═══ DATASET EXTRACT

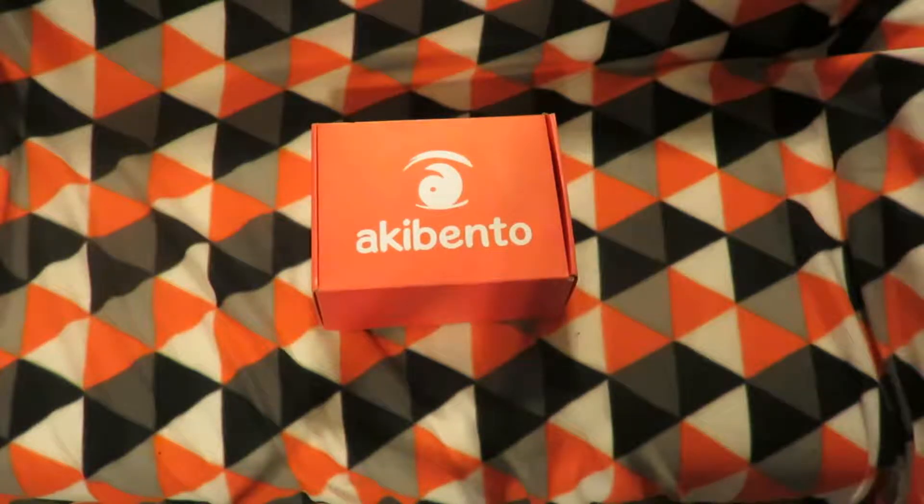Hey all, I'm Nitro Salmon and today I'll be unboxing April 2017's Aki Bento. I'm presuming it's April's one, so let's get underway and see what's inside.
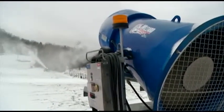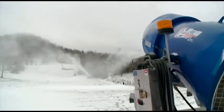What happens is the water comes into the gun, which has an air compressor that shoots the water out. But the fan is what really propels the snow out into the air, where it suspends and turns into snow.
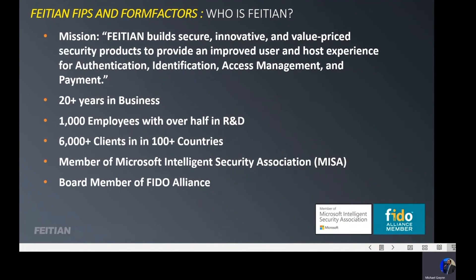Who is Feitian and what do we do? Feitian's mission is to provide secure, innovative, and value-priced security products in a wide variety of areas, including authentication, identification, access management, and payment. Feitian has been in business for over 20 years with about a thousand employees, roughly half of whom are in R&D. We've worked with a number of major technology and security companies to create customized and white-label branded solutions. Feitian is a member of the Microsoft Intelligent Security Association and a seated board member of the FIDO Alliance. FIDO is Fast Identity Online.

══════

INSTRUCTIONS FOR THE TASK
Repeat the material above in full and exactly, omitting the pictures.

WRITTEN SOLUTION
Hey all, I'm Nitro Salmon and today I'll be unboxing April 2017's Aki Bento. I'm presuming it's April's one, so let's get underway and see what's inside.
What happens is the water comes into the gun, which has an air compressor that shoots the water out. But the fan is what really propels the snow out into the air, where it suspends and turns into snow.
Who is Feitian and what do we do? Feitian's mission is to provide secure, innovative, and value-priced security products in a wide variety of areas, including authentication, identification, access management, and payment. Feitian has been in business for over 20 years with about a thousand employees, roughly half of whom are in R&D. We've worked with a number of major technology and security companies to create customized and white-label branded solutions. Feitian is a member of the Microsoft Intelligent Security Association and a seated board member of the FIDO Alliance. FIDO is Fast Identity Online.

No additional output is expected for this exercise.